3. Industry Expertise. How does the graphic designer think? Do they have a blog? Are they active in social media? What does their LinkedIn profile look like? Do they use these media to focus only on showing samples of their work, or do they offer helpful advice and tips? If they have a blog and you find yourself learning from them, then they likely offer more bang for your buck.
4. Client Testimonials. Nothing does more for any business than the words of others. The same thing applies to graphic designers. If they have a web page of testimonials, it tells you that their customers are satisfied and willing to go on record saying so. But, look closely at the types of comments, too. Are they all the same, or do they offer insights into the relationships they’ve had? Consider contacting some of their clients and asking them about their experience working with the designer.

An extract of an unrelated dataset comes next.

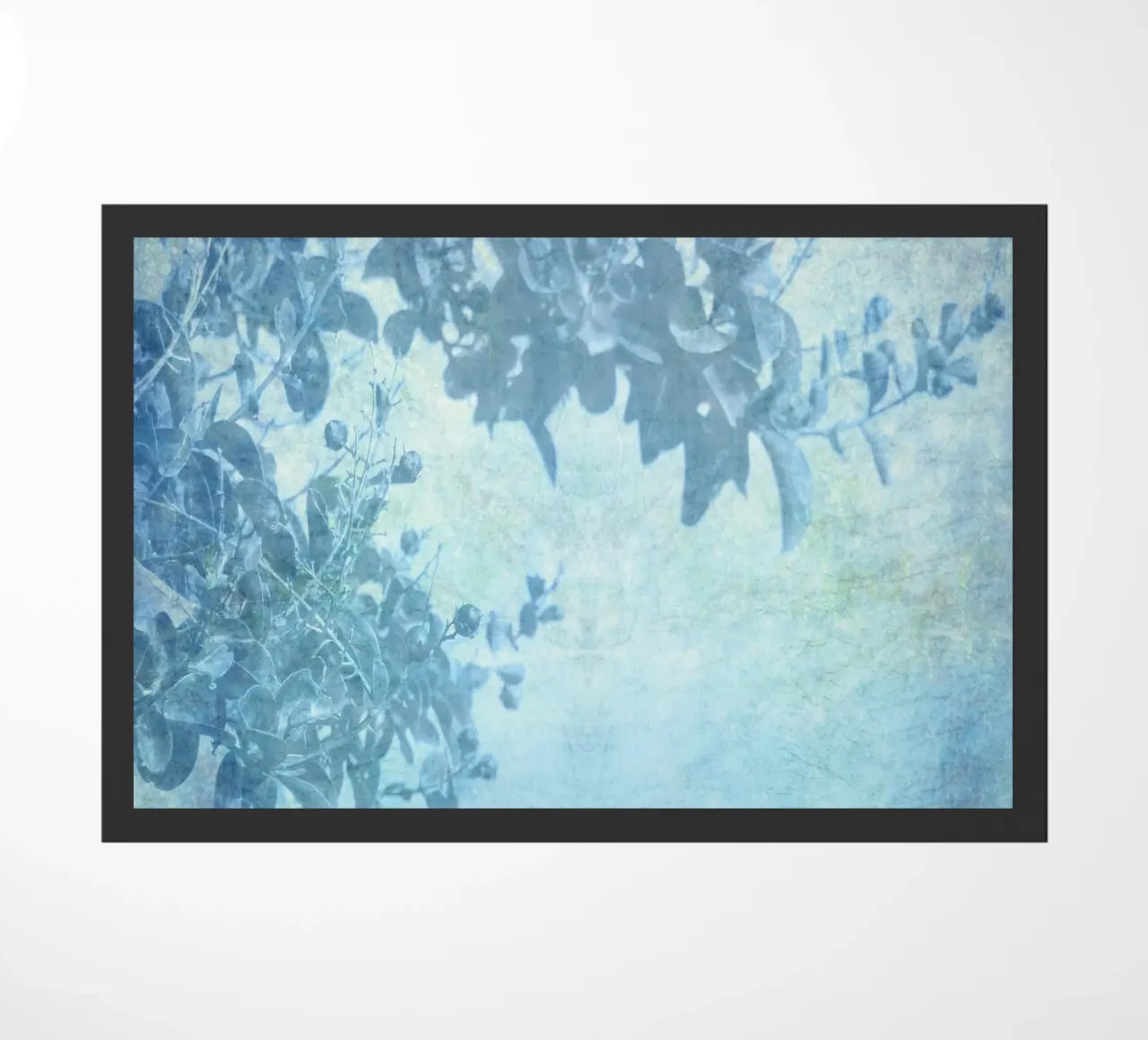 Ramo blu zerbino da ArtSkratches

5. Setting Expectations. Understand how your business fits into the client roster of the graphic designer. Can you be confident that you’ll receive the same level of attention that other clients get? That’s a direct question you should ask any candidate. You need to state your expectations clearly and up front. Listen for signs of over-promising.
6. Accessibility. If you’re hiring a local graphic designer, they should want to meet you face-to-face to discuss your needs. And you should, as well. A lot can be learned from engaging in a conversation that goes deeper than the project at hand. A strategic relationship is critical to the success of any communications effort. And understanding you, your product or service, audience, industry and competition is vital. Furthermore, reflecting your attitude, personality and style in the work are not only entirely appropriate, but it also brings to you real ownership. This requires a relationship of accessibility, open and honest communications and, sometimes, proximity.
7. Value vs. Billing Rates. Take the time to research what professional graphic design services cost and determine a realistic budget before you contact anyone. (Round numbers are fine.) Understand and appreciate the true value of the services you’re looking to buy. Be sure to maintain the right perspective when evaluating fees. Most people don’t hesitate to pay the furnace repairman or auto mechanic $90.00/hour. Yet, nobody can argue that the public face of your business is less important.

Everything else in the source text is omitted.